Task instructions: Repeat the records below exactly from the line containing "Brighton Bracelet with Pink Gemstone" to the line containing "Men's Active Shorts", taking in both of those lines. Drop the pictures.

Working data:
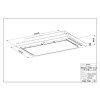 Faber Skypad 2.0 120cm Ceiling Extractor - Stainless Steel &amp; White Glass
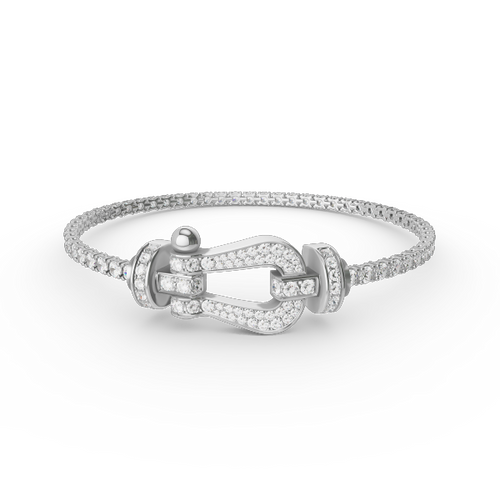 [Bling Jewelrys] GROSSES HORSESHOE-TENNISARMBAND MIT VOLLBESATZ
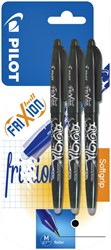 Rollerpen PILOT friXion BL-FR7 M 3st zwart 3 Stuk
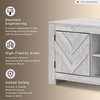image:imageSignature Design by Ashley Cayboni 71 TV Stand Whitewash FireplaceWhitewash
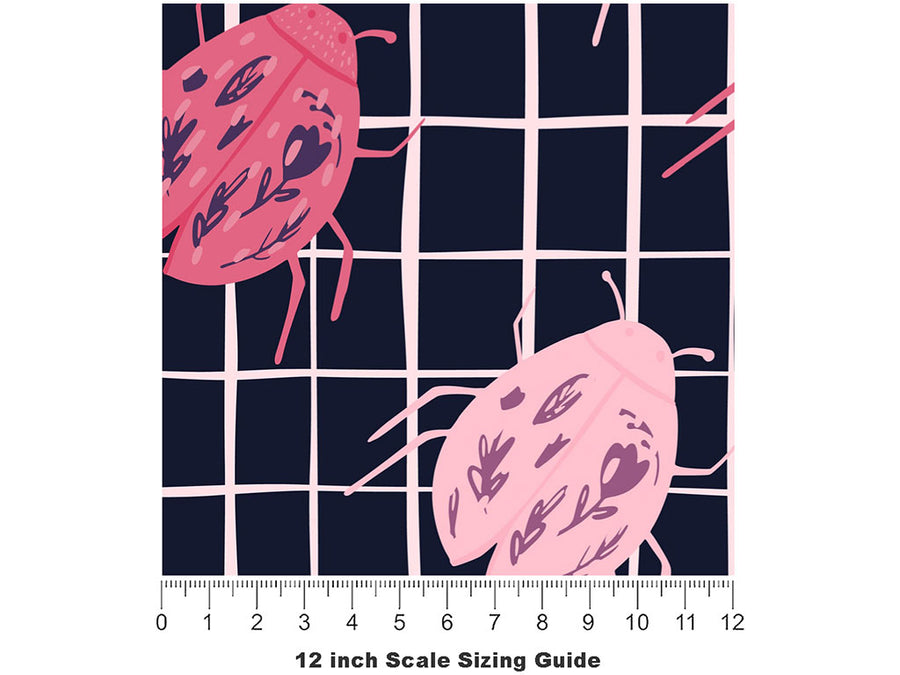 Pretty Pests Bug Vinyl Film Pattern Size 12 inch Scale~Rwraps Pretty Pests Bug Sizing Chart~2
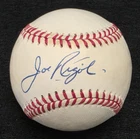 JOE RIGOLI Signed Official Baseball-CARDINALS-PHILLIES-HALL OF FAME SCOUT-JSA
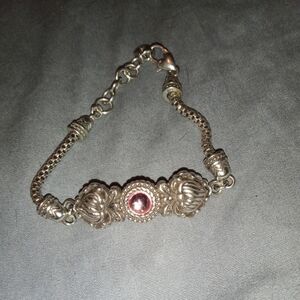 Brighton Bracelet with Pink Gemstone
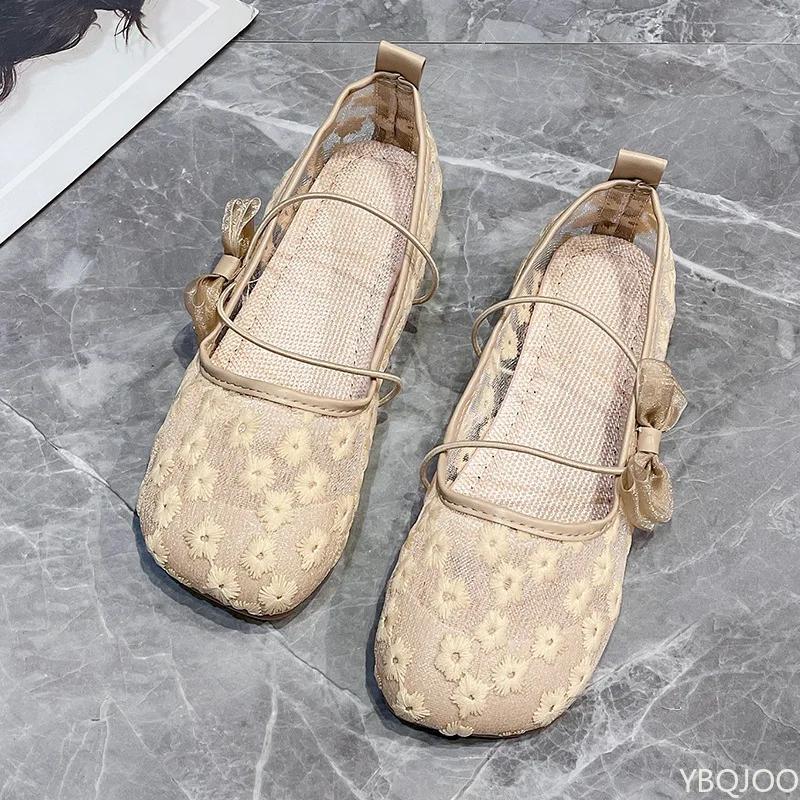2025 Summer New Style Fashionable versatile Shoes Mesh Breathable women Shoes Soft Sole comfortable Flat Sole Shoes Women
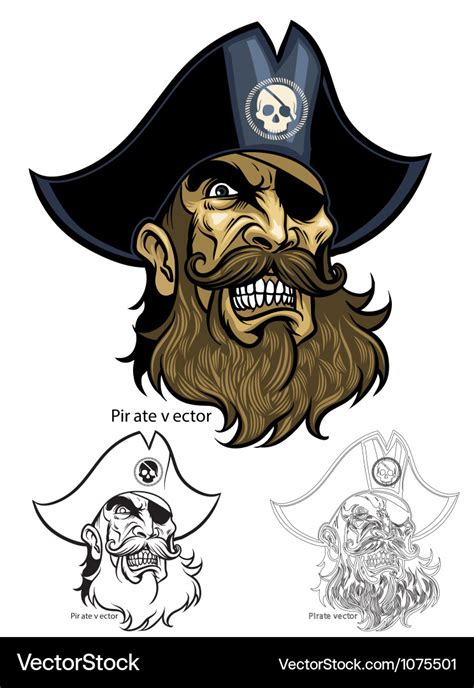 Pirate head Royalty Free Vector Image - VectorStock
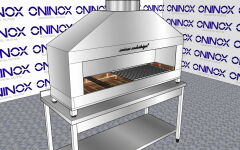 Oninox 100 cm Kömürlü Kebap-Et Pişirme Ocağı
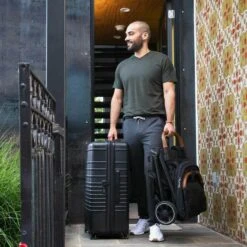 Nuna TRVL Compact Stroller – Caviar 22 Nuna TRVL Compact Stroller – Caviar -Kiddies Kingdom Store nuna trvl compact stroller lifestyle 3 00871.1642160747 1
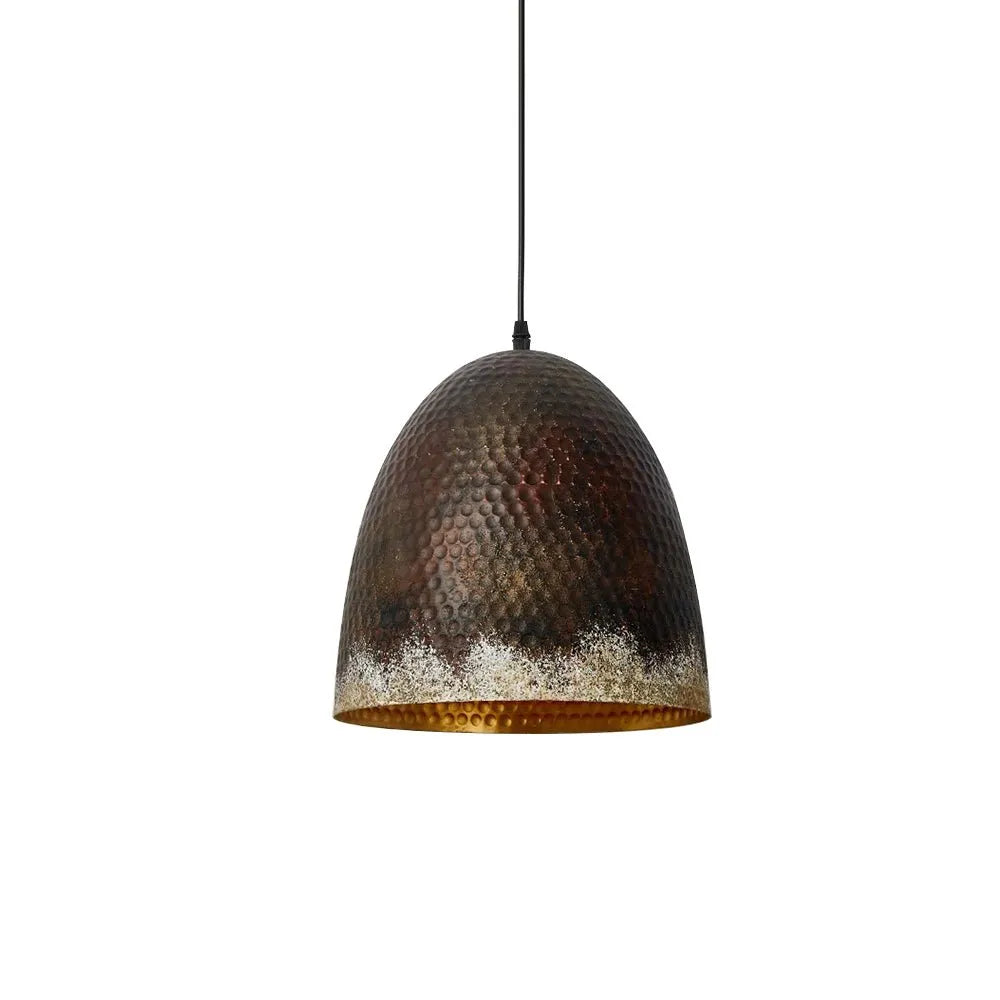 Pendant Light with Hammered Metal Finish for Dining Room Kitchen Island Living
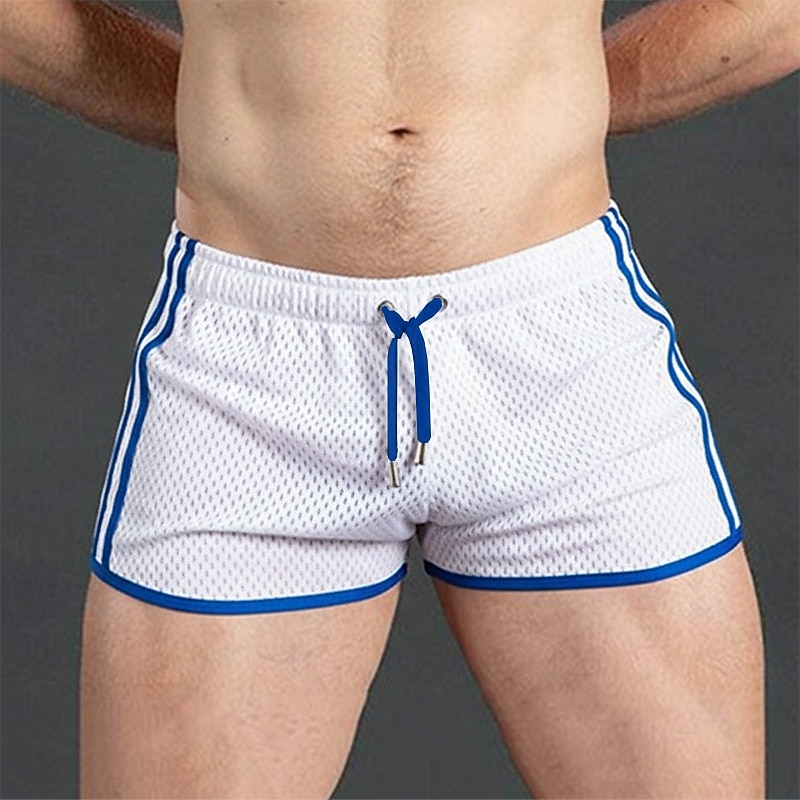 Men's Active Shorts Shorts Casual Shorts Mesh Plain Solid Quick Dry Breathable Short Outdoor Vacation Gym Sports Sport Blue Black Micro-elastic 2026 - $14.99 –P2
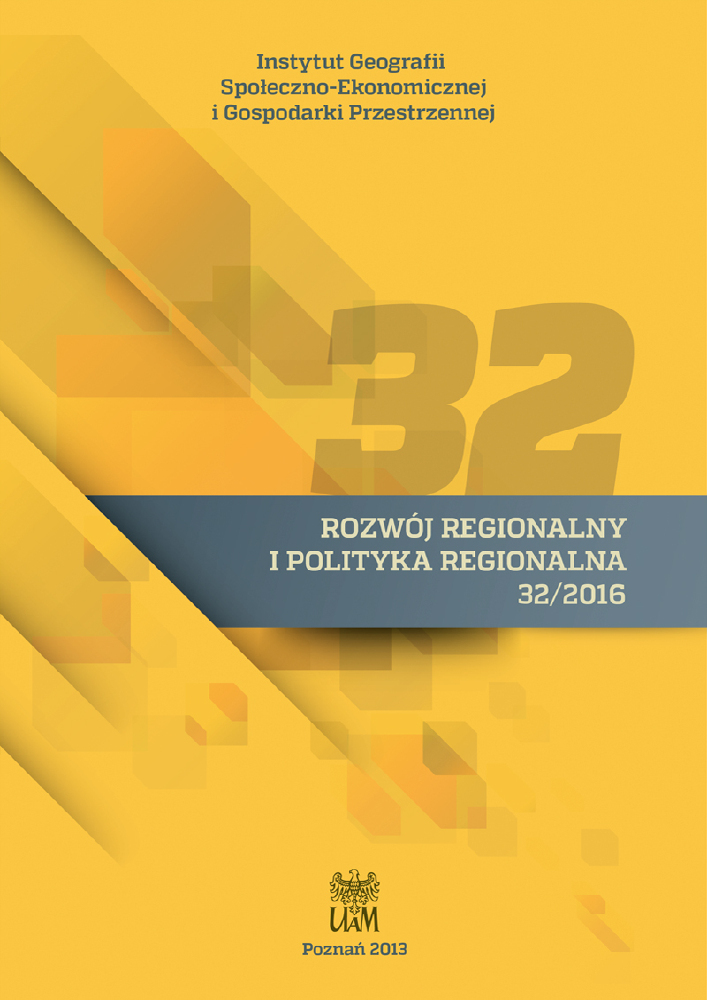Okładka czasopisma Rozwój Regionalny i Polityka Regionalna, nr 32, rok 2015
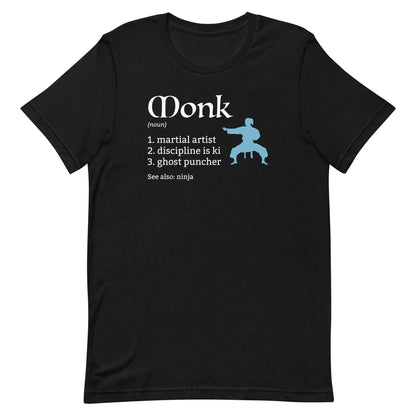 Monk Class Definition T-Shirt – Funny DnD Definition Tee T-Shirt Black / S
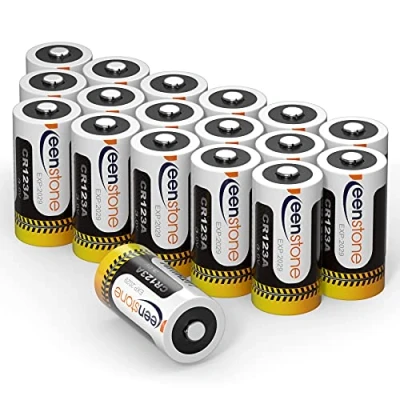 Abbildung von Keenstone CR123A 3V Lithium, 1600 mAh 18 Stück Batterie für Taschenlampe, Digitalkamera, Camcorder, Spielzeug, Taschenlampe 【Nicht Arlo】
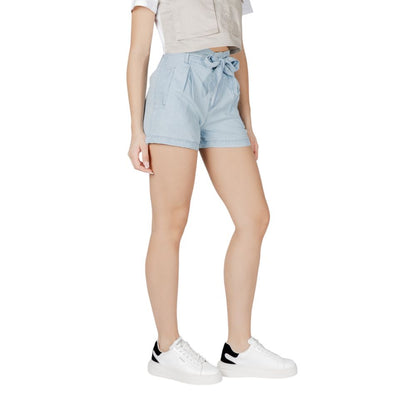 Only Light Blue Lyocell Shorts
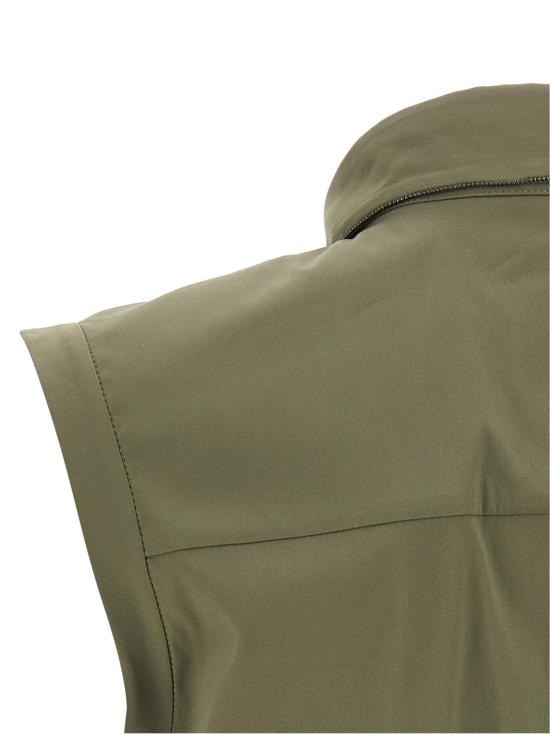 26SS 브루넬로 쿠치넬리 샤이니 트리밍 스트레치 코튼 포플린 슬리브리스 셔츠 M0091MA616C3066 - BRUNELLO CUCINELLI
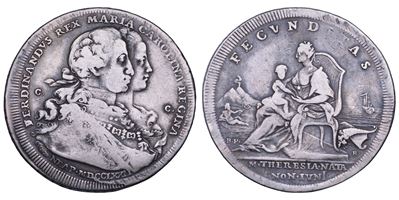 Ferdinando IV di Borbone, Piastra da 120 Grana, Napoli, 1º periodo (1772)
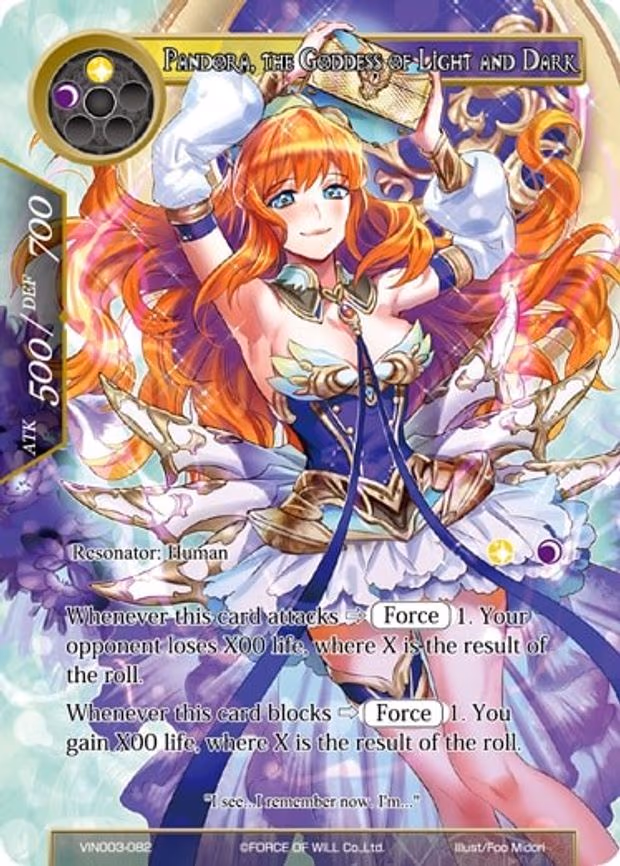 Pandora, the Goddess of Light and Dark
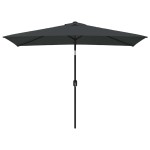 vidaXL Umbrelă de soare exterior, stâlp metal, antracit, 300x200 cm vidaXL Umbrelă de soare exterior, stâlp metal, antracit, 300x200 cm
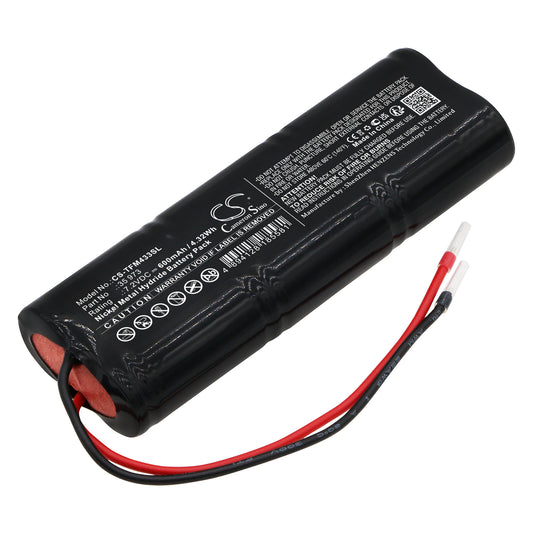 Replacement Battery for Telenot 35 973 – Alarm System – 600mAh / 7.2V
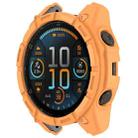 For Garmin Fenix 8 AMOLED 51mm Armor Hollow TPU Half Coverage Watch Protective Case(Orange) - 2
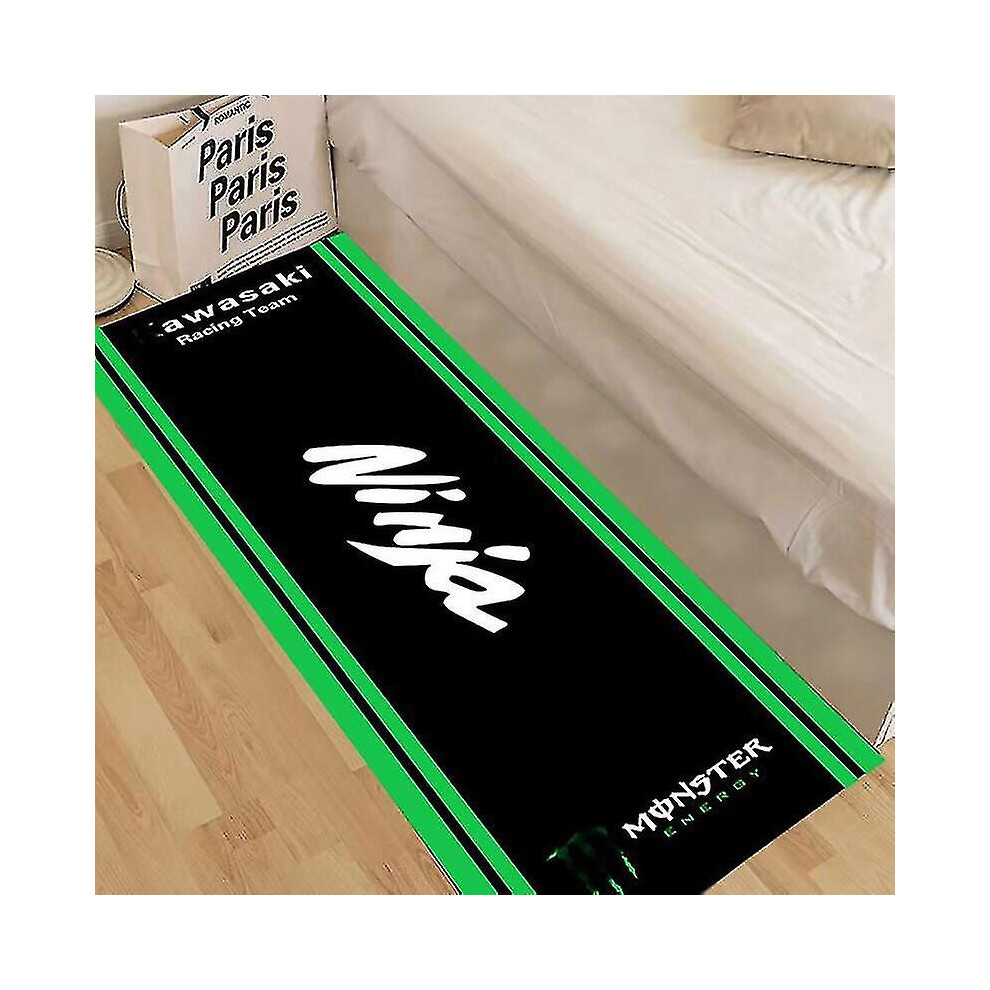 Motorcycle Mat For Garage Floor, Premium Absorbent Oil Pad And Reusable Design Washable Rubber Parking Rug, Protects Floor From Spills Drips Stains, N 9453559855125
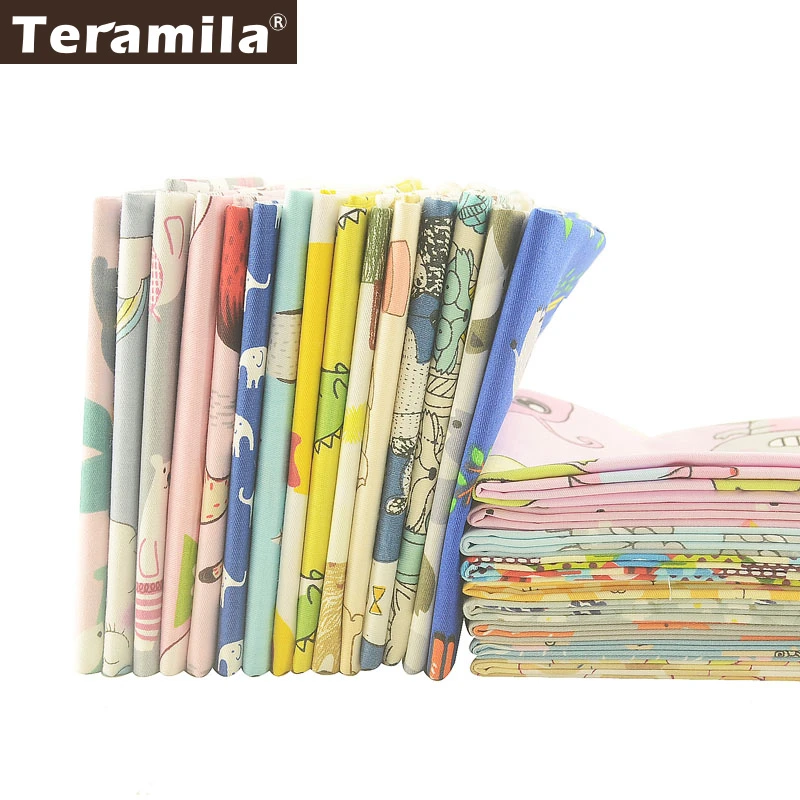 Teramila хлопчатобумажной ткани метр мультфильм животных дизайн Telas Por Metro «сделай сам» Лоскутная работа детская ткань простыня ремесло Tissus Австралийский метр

Expected answer:
 Brighton Bracelet with Pink Gemstone
2025 Summer New Style Fashionable versatile Shoes Mesh Breathable women Shoes Soft Sole comfortable Flat Sole Shoes Women
 Pirate head Royalty Free Vector Image - VectorStock
 Oninox 100 cm Kömürlü Kebap-Et Pişirme Ocağı
 Nuna TRVL Compact Stroller – Caviar 22 Nuna TRVL Compact Stroller – Caviar -Kiddies Kingdom Store nuna trvl compact stroller lifestyle 3 00871.1642160747 1
 Pendant Light with Hammered Metal Finish for Dining Room Kitchen Island Living
 Men's Active Shorts Shorts Casual Shorts Mesh Plain Solid Quick Dry Breathable Short Outdoor Vacation Gym Sports Sport Blue Black Micro-elastic 2026 - $14.99 –P2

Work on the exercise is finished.